Why AI Now?

Me and Language Models

I’ve been building language models since 2004. Rather, I built them back in 2004 for grad school work and then took a break.

They’re an interesting component in the whole arsenal of “AI/Machine Learning”. Basically, they tell you if a sentence is likely to exist or not in a given text.

Why would something like this be useful? Well, if you’re building a text translation system, an easy way to do it is to translate everything word-for-word and push the results through a language model to fix it. So, from French to English, you’d translate “le chat blanc” to “the cat white”, and the language model would tell you that’s very unlikely to be the right word order/phrasing, and would generate more likely alternatives. They have other uses (like autocomplete) , but this is specificly what I was doing with them in 2004.

I don’t intend to rehash the history of machine learning here, but basically from there, more and more tech and effort went into recognizing context. “He fired the ray gun” is an unlikely sentence if ‘he’ is underwater. It seems like there would be lots of information needed to understand this, but, nope, it’s just statistics. “ray gun” and “underwater” tend to not go together, so even if the sentence is OK, the pairing isn’t. We found clever ways of modelling these relationships.

Convergence

Anyways, language models continued to evolve, but from the inside, it was just probabilities.
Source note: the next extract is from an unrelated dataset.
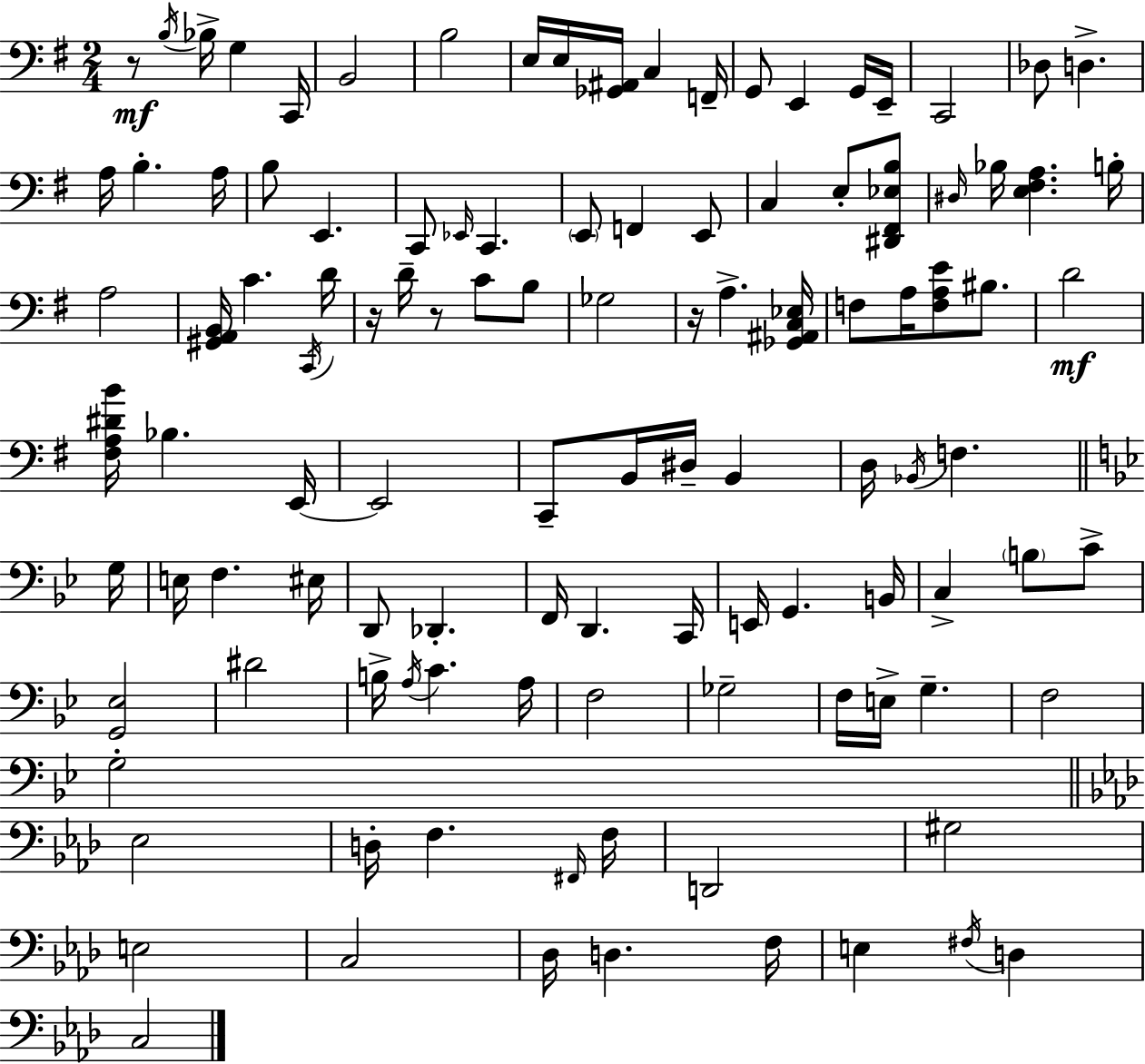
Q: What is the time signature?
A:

Actually, all of “AI/ML” was. The whole field felt like disconnected problems. We would dream up different problems (like navigating a maze, playing chess, differentiating cats from dogs, or translating languages) and say “oh, this is hard, I bet it takes intelligence to do this!”
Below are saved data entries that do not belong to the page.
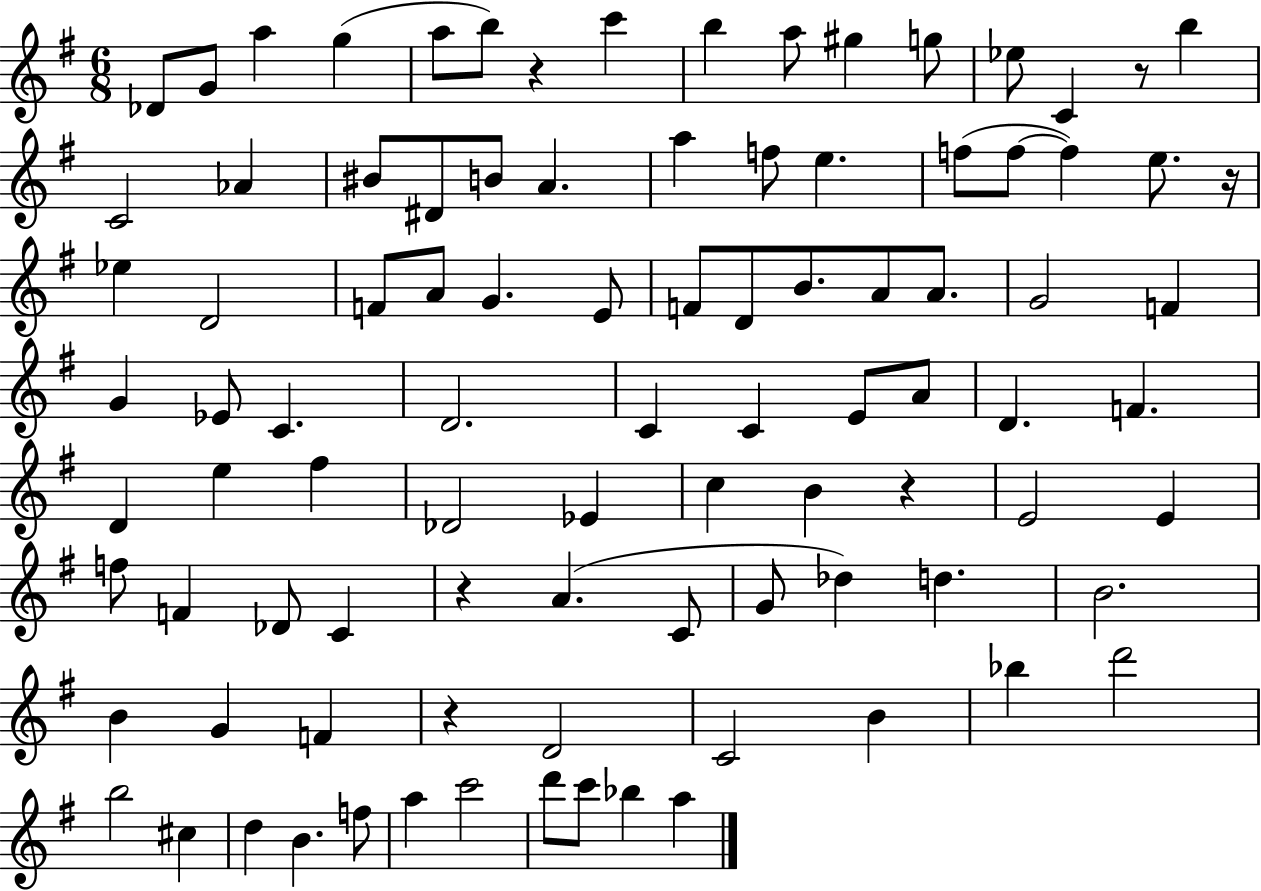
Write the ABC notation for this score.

X:1
T:Untitled
M:6/8
L:1/4
K:G
_D/2 G/2 a g a/2 b/2 z c' b a/2 ^g g/2 _e/2 C z/2 b C2 _A ^B/2 ^D/2 B/2 A a f/2 e f/2 f/2 f e/2 z/4 _e D2 F/2 A/2 G E/2 F/2 D/2 B/2 A/2 A/2 G2 F G _E/2 C D2 C C E/2 A/2 D F D e ^f _D2 _E c B z E2 E f/2 F _D/2 C z A C/2 G/2 _d d B2 B G F z D2 C2 B _b d'2 b2 ^c d B f/2 a c'2 d'/2 c'/2 _b a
Upon closer inspection, though, it seemed like each of these problems had long, tedious mathematical solutions that were ‘good enough’, and that many of these solutions had little to do with each other. That is, you used completely different approaches to translate languages than you did for differentiating cats from dogs. There was some overlap in the infrastructure needed for these processes, but not much. It felt like “AI” was just a weird umbrella term for “random problems we thought required intelligence but really just needed tons of data”.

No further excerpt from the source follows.